Scratch building a model house

Quite a few years back before I moved house I decided to draw up some plans of my house. I walked round the outside with a tape measure and recorded all of the distances and then drew then up to the scale of about 1:76 which is 00 gauge for model railways. I have a small railway layout which is nowhere near finished and has laid abandoned for a good while at this scale.

A while after drawing the plans I decided to actually try and scratch build the house, scratch building was obviously the only possibility since there is not a kit, also the house is a fairly unusual shape so a conversion wouldn’t work.

I started off by buying a bit of brickwork which is embossed plastic. I soon set about cutting this to shape which wasn’t the easiest of jobs since the tiles I had bought, although very nice quality were about 1.5mm thick which makes it difficult to cut out small windows with a craft knife. It hasn’t come out too badly and hopefully I will be able to disguise most of the bad points with a bit of paint and some filler.

Some of the cut brickwork for the house.

At this point the work stopped for a while since I hadn’t ever actually made a building at this point, not even from a kit so I got a bit stuck, having no roof and the prospect of trying to glue together these rather roughly cut pieces of plastic wasn’t inviting. I have since trimmed the plastic into a somewhat better state.

Later on I visited the Warley National Model Railway Exhibition which was very good. Here I saw a man who had created some wonderful buildings in 0 gauge which is a bit larger than 00. I took most of his ideas and am using them to build my model.

For the main structure of the house foam centred board is used. This consists of foam sandwiched by a piece of card either side, making it very light which still remaining rigid and fairly strong. This is fairly easy to cut with a craft knife although it is harder than you would think to get it nice. It definitely looked easier when the man at the show did a demonstration.

The foam board used, roughly 5mm thick.

I pinned and glued this together which formed a structurally solid building. I will be able to stick the brickwork onto the outside of this later on in the process.

Importantly this structure gave me a base for the roofing tiles. I again used the method shown at the show which is; to take paper/card depending on the scale and then cut a series of slits the right width for the tiles. I used graph paper from an old exercise book which was fairly thick paper and the graph paper is excellent because you can see how far apart the slits should be. You then cut off a strip with the slits on one side and a solid strip on the other so you can pick it up as one piece.

One of the strips of paper used for tiling.

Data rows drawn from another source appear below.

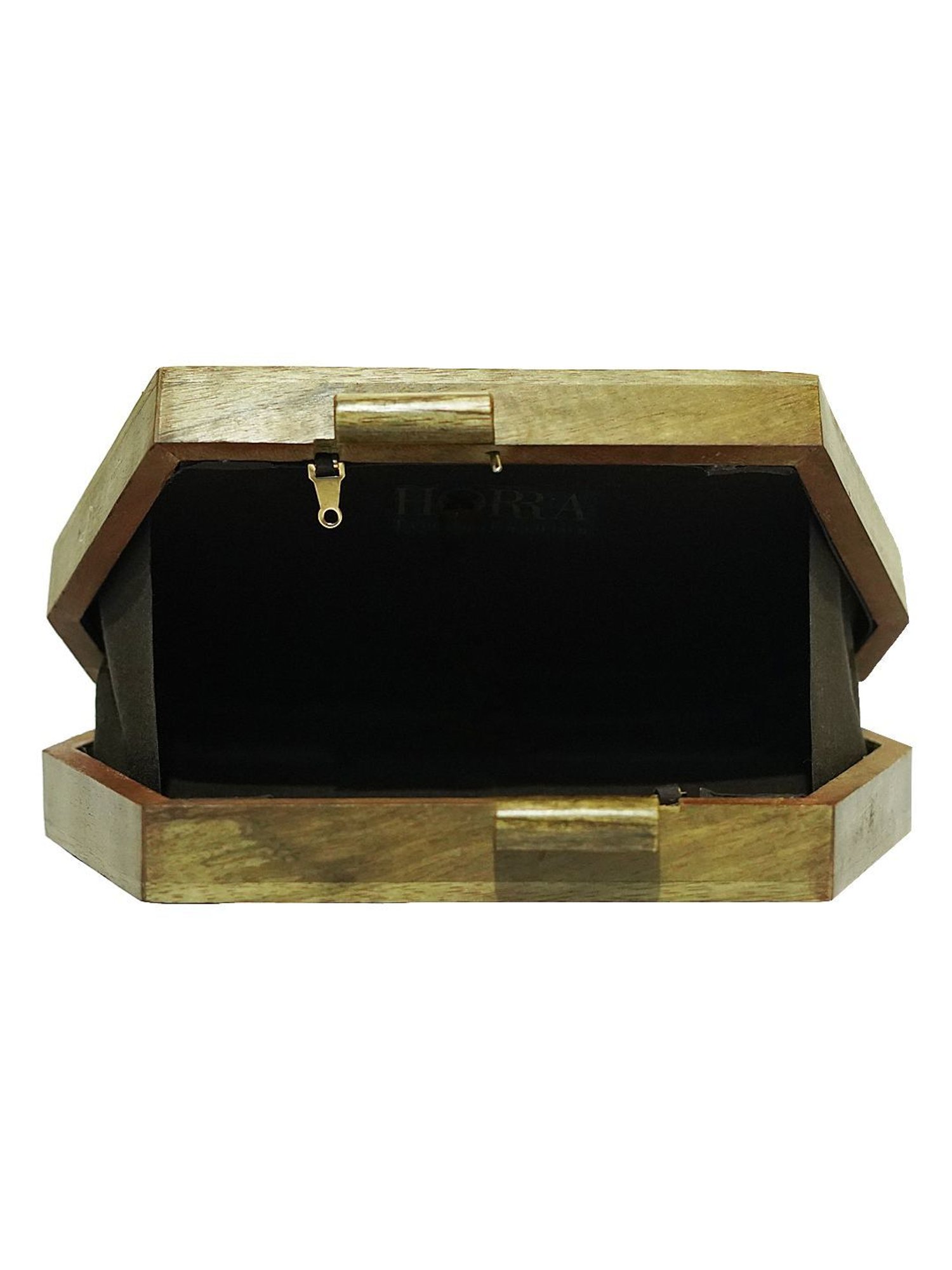 Estee & Lilly Turn Key Closure Clutch - Black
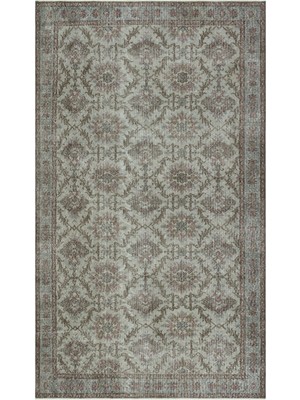 Atina Bej Eskitme Yün Modern Desenli Yün Hav Toz Vermez Leke Tutmayan Salon Yolluk Mutfak El Dokuma Halı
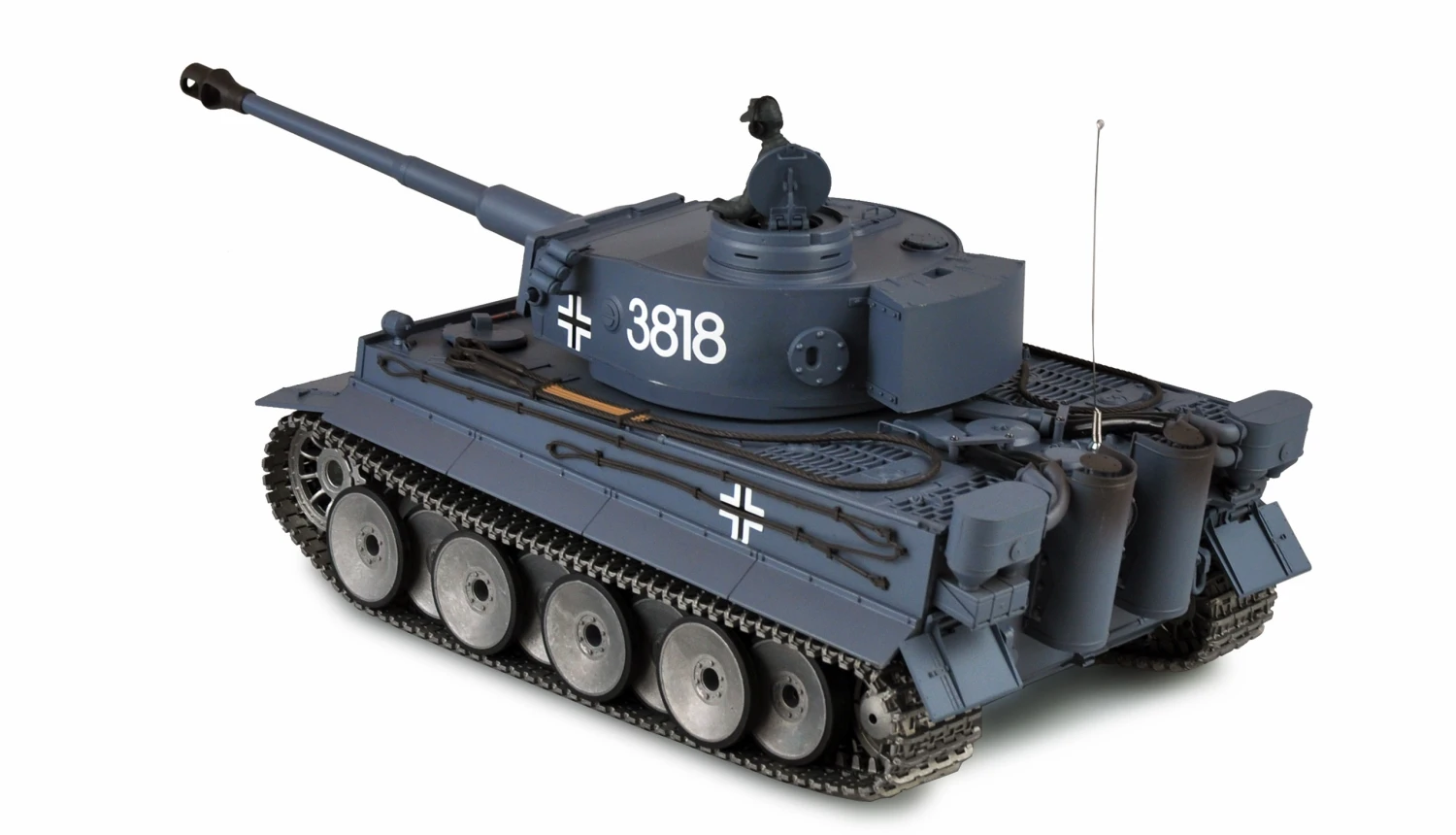 Tiger I 1:16 Professional Line IR/BB 2 Tiger I 1:16 Professional Line IR/BB – Bild 2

Then you can simply lay the strips on the roof, starting from the bottom and overlapping them so that only the slits are shown. This creates the proper effect because this is how tiles are laid on a real roof. The first time I tried this the lines kept going wonky so I scrapped the area and stuck graph paper over the entire roof which now acts as guidelines to keep it horizontal and maintain proper spacing.

Some of the tiled roof.

This process is time consuming since a lot of little cuts need to be made and they must also be laid carefully onto the roof making sure that they are straight. I am in the middle of the process currently and have about a third of the roof done and probably about enough strips cut to get me past half way. After this is done things should quickly progress to the stage where I can paint since the tiling is already cut to shape.

Here is a picture showing the model, The garage is missing form the near end which is why there is a gap. I found that since it is connected via a narrow strip it was better to work without it attached.

A view of the whole building, as you can see it is a fairly unusual design.